__Dataset__.
--------------------------------------------------

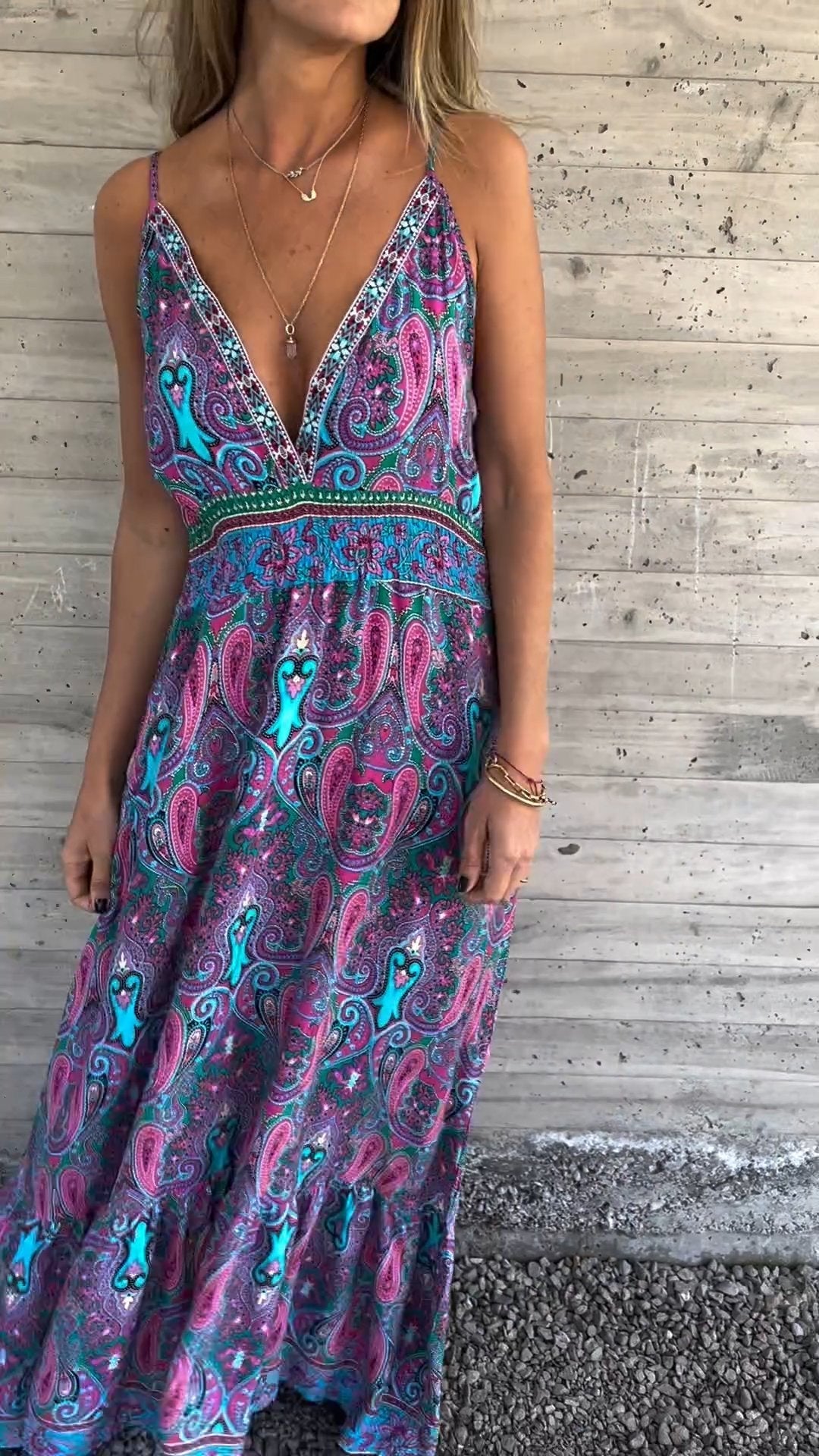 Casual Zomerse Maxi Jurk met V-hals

--------------------------------------------------

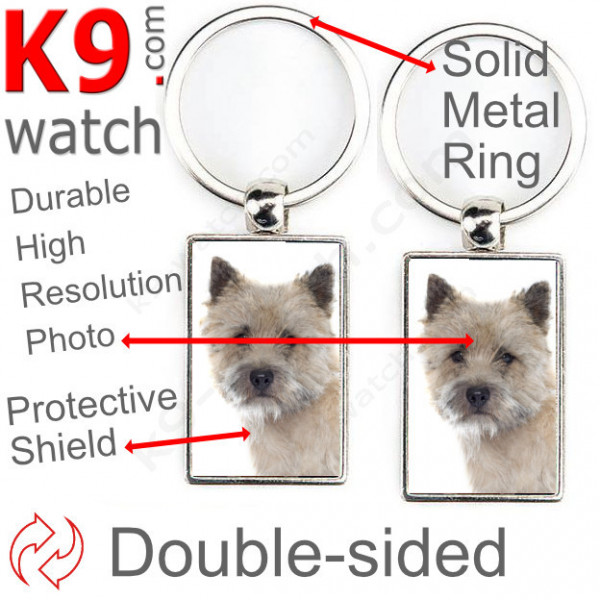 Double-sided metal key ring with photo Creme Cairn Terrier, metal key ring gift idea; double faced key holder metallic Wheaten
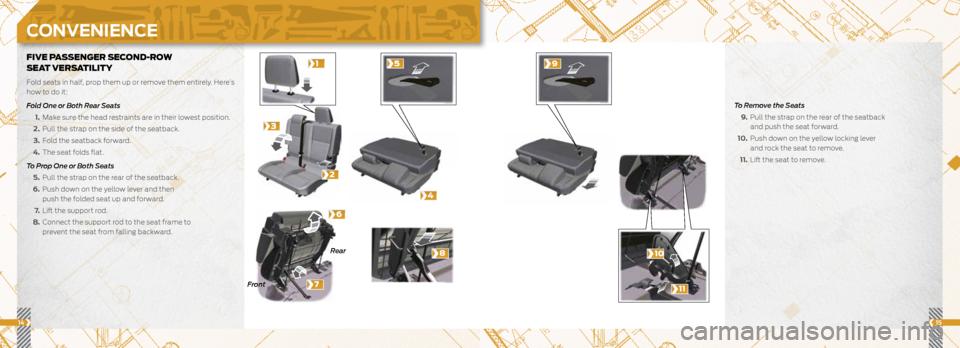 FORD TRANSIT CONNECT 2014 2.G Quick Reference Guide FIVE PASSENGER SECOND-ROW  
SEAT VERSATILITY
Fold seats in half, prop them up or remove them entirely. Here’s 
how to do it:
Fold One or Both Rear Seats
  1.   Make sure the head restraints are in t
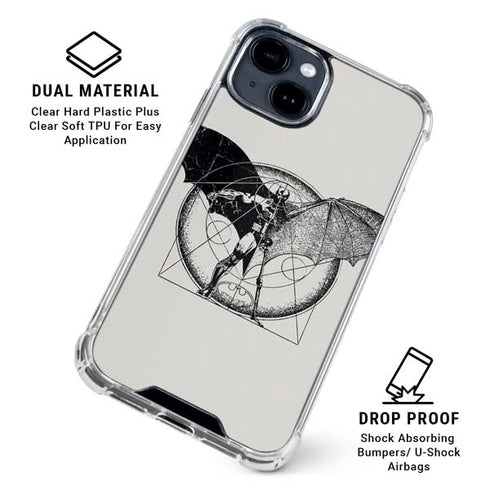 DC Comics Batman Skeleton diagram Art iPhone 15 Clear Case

--------------------------------------------------

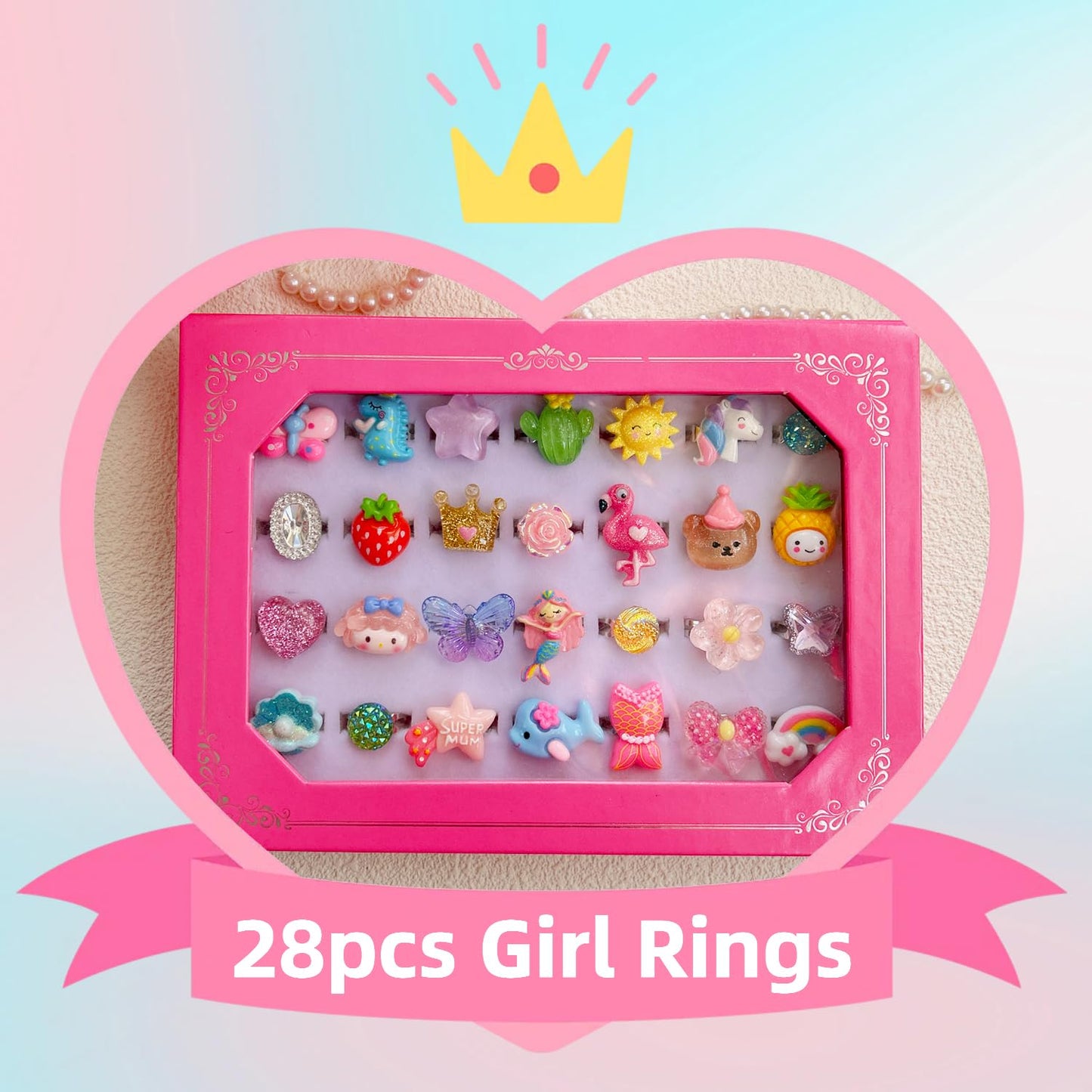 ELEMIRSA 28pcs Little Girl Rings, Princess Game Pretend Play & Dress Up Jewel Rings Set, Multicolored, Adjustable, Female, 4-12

--------------------------------------------------

Answer with one number only: how many lines in the data contain the word "Fold"?

2